Милдрэд хотела ответить, но побоялась сказать еще что-то резкое, чего любезная с ней Элеонора не заслуживала. Зачем огорчать ее? Она счастлива, в отличие от самой Милдрэд, она вышла замуж за давно влюбленного в нее Генриха, перешагнув все неприятности, какие ей принесли развод и суровое обращение прежнего мужа.

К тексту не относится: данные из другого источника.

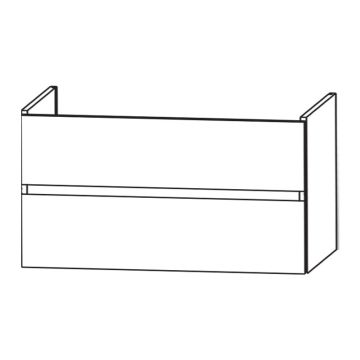 Puris Kera Plan Waschtischunterschrank - 100 cm Skizze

Когда молчание затянулось, Элеонора задала вопрос, от которого саксонка вздрогнула: герцогиня неожиданно спросила ее об Артуре. Дескать, когда Анри рассказывал ей о Милдрэд, он часто упоминал и некоего юношу Артура, который спас его, потом верно служил, а после исчез. Анри говорил, что у него с этим парнем сложились столь доверительные отношения, что он долго ждал его и даже был намерен принять в свое окружение.
Милдрэд слушала, успокаивая сильное сердцебиение. Артур? Да, она понимает, о ком говорит герцогиня. Что ж, насколько ей известно, Артур и впрямь одно время стремился попасть к Плантагенету, но потом у него появились иные планы, и в итоге он выгодно женился на некой Ависе из Глочестера. Как ей ведомо, ныне они оба должны находиться в Нормандии.
К ее удивлению, Элеонора расхохоталась. Борясь с растрепавшимися на ветру волосами, она возразила:
— То, что вы говорите, невозможно. Конечно, я знаю, о какой Ависе идет речь. Анри рассказывал, что имел с ней связь во время своего последнего визита в Англию. Это было еще до того, как родилась наша любовь, и я не пеняю ему за подобное увлечение. Было бы странным, если бы такой, как Плантагенет, не имел отношений с женщинами. К тому же я знаю, что эта женщина — редкая красотка. Но это увлечение Анри уже в прошлом. Более того, пока мой супруг занят войной, я лично слежу, чтобы в Глочестер отправлялись деньги на содержание его бастарда. Так что, замужем сейчас Ависа или нет, она в любом случае не смела бы появиться с сыном в Нормандии. Нет, нет, никаких прошлых связей. Я, признаться, весьма ревнива.
Она умолкла, пронзительно посмотрев на Милдрэд, хотела что-то спросить, но тут ее внимание привлекли звуки рога, донесшиеся от главных ворот Канской крепости.
— Наверное, прибыл младший брат моего дорогого Анри — мы ждем его со дня на день. Знаете, младшего из сыновей императрицы Матильды назвали в честь ее великого деда Вильгельмом, или по-французски Гийом. Гийом Плантагенет, как величают всех в этом роду. Я и сама ныне Плантагенет, — засмеялась Элеонора, как будто прозвище в честь веточки желтого дрока ее забавляло.
А потом, уже направляясь к лестнице, сообщила, что в честь прибытия ее деверя в замке будет пир и она приглашает на него Милдрэд. Не как пленницу — как гостью. Ибо хоть ее Анри и велел саксонке быть под присмотром супруги, но сама-то Элеонора не желает, чтобы в Кане кто-то чувствовал себя уныло. Тут только счастье и веселье. Именно таким хочет Элеонора видеть свой двор.